Forum Stats

  • 3,855,374 Users
  • 2,264,500 Discussions
  • 7,905,979 Comments

Discussions

Where is the Multi-Byte Character.

24

Comments

  • sanath_k
    sanath_k Member Posts: 62
    lot of helpful comments on the logic...thanks.
    question still hunts...
    is there any way we can seek help from java code to locate multi-byte characters in a dat file ?
    I hope to help the data-entry team to rectify the error and re-process the file.
  • 807580
    807580 Member Posts: 33,048 Green Ribbon
    edited Oct 23, 2009 11:55AM
    Sanath_K wrote:
    lot of helpful comments on the logic...thanks.
    question still hunts...
    is there any way we can seek help from java code to locate multi-byte characters in a dat file ?
    I hope to help the data-entry team to rectify the error and re-process the file.
    This is UTF-8 encoded text? Look at each byte. If the high bit is set, it's a participant in a multi-byte character. [See here|http://en.wikipedia.org/wiki/UTF-8#Description]. tschodt tells you how to check for this in a previous reply.
  • DrClap
    DrClap Member Posts: 25,479
    If you want to scan a sequence of bytes from a file and identify locations where a subsequence of two or more bytes would represent a UTF-8 character which isn't in the ASCII character set, then the simplest way is to ask Java to do the UTF-8 part:
    Reader r = new InputStreamReader(new FileReader(file), "UTF-8");
    int character = 0;
    while ((character = r.read()) >= 0) {
      // here we have a stream of characters decoded using UTF-8
      if (character > 127) {
        // this one isn't ASCII
      }
    }
  • 807580
    807580 Member Posts: 33,048 Green Ribbon
    DrClap wrote:
    If you want to scan a sequence of bytes from a file and identify locations where a subsequence of two or more bytes would represent a UTF-8 character which isn't in the ASCII character set, then the simplest way is to ask Java to do the UTF-8 part:
    Assuming the file contains valid UTF-8.
    If the file contains [invalid byte sequences|http://en.wikipedia.org/wiki/Utf-8#Invalid_byte_sequences] you get UTFDataFormatException.
  • DrClap
    DrClap Member Posts: 25,479
    tschodt wrote:
    DrClap wrote:
    If you want to scan a sequence of bytes from a file and identify locations where a subsequence of two or more bytes would represent a UTF-8 character which isn't in the ASCII character set, then the simplest way is to ask Java to do the UTF-8 part:
    Assuming the file contains valid UTF-8.
    If the file contains [invalid byte sequences|http://en.wikipedia.org/wiki/Utf-8#Invalid_byte_sequences] you get UTFDataFormatException.
    That's true, and certainly a possibility.
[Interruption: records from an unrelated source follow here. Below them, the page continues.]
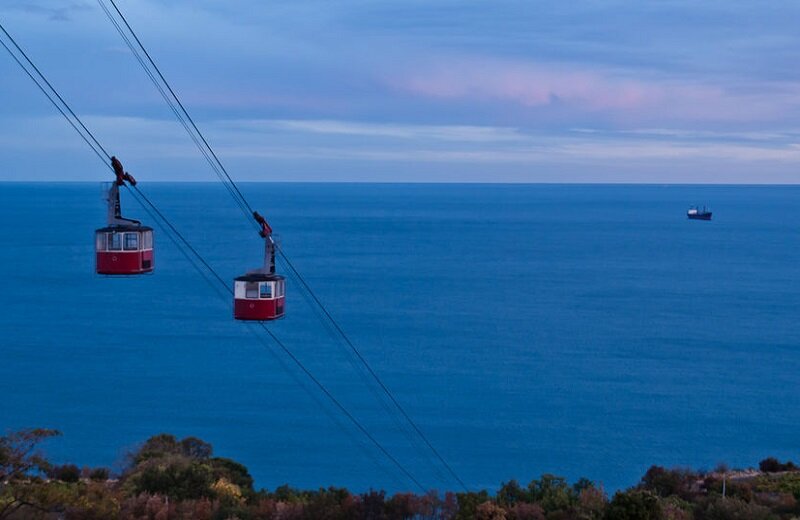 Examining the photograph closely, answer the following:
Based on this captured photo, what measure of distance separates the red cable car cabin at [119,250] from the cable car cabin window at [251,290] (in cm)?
175

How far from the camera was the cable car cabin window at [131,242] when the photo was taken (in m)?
15.4

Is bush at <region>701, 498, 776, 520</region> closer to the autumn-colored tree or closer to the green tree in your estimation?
the green tree

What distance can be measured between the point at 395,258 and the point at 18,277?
4648cm

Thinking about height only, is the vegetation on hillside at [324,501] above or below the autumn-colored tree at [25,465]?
below

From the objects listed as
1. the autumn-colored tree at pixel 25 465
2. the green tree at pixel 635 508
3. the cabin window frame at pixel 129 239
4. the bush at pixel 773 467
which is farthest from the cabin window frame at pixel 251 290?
the bush at pixel 773 467

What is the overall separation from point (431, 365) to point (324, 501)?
172 feet

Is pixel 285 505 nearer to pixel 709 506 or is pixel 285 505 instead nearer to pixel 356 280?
pixel 709 506

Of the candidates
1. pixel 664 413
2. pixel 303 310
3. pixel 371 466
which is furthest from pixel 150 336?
pixel 664 413

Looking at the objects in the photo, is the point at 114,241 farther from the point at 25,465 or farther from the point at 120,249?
the point at 25,465

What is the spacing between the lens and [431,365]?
71688 mm

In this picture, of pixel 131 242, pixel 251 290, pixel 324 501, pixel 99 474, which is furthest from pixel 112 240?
pixel 99 474

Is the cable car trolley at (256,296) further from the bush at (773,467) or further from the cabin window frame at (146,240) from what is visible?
the bush at (773,467)

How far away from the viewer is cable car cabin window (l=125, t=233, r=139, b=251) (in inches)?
607

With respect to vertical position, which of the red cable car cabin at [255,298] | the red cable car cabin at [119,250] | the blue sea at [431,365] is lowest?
the blue sea at [431,365] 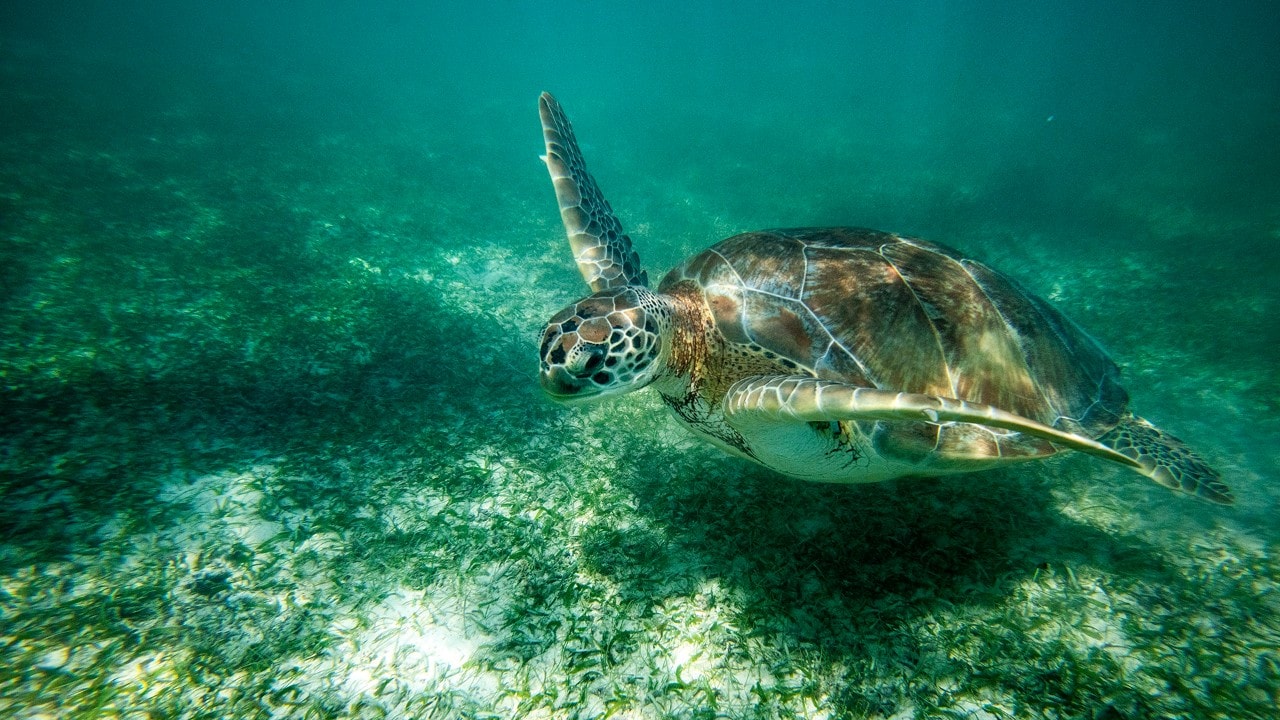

But we don't know whether that's the OP's problem. All we have is some guff about "multi-byte" characters. If I were doing this -- well I wouldn't be doing this because I would get around to asking the right questions -- I would start with that, then if it threw an exception I would change it to count the number of characters read before the exception was thrown.
  • 796440
    796440 Member Posts: 19,179 Gold Trophy
    corlettk wrote:
    3. If you read the API doco for File.length() you'll find that it specifically warns against using it to size a byte-array to hold the whole files contents.
    Erm?
  • 807580
    807580 Member Posts: 33,048 Green Ribbon
    jverd wrote:
    corlettk wrote:
    3. If you read the API doco for File.length() you'll find that it specifically warns against using it to size a byte-array to hold the whole files contents.
    Erm?
    Think he was thinking InputStream.available(). I wouldn't use File.length either way, because then you can't use it against pipes, etc.
  • 807580
    807580 Member Posts: 33,048 Green Ribbon
    I don't see one.

    But it is nothing more than obvious that you shouldn't declare a bytearray whose length is exact the file's length. That's lot of fun if the file length exceeds the available JVM heap memory.
  • 796440
    796440 Member Posts: 19,179 Gold Trophy
    BalusC wrote:
    I don't see one.

    But it is nothing more than obvious that you shouldn't declare a bytearray whose length is exact the file's length. That's lot of fun if the file length exceeds the available JVM heap memory.
    It's not the byte array that's the problem in that case, but rather the fact that you're gong to read the whole file. However, if you do decide to read the whole file, and if you know it's a regular file, not a pipe or something, and if you can assume that the size won't change while you're reading it, then declaring a byte[] of exactly the file's length would be a good way to do it.

    It's not the way I'd normally read a file, but I wouldn't rule it out.
  • DrClap
    DrClap Member Posts: 25,479
    BalusC wrote:
    But it is nothing more than obvious that you shouldn't declare a bytearray whose length is exact the file's length. That's lot of fun if the file length exceeds the available JVM heap memory.
    Even more fun if the file length exceeds the maximum value of an integer and it gets truncated to fit in an integer, which you then use as the size of your array.
This discussion has been closed.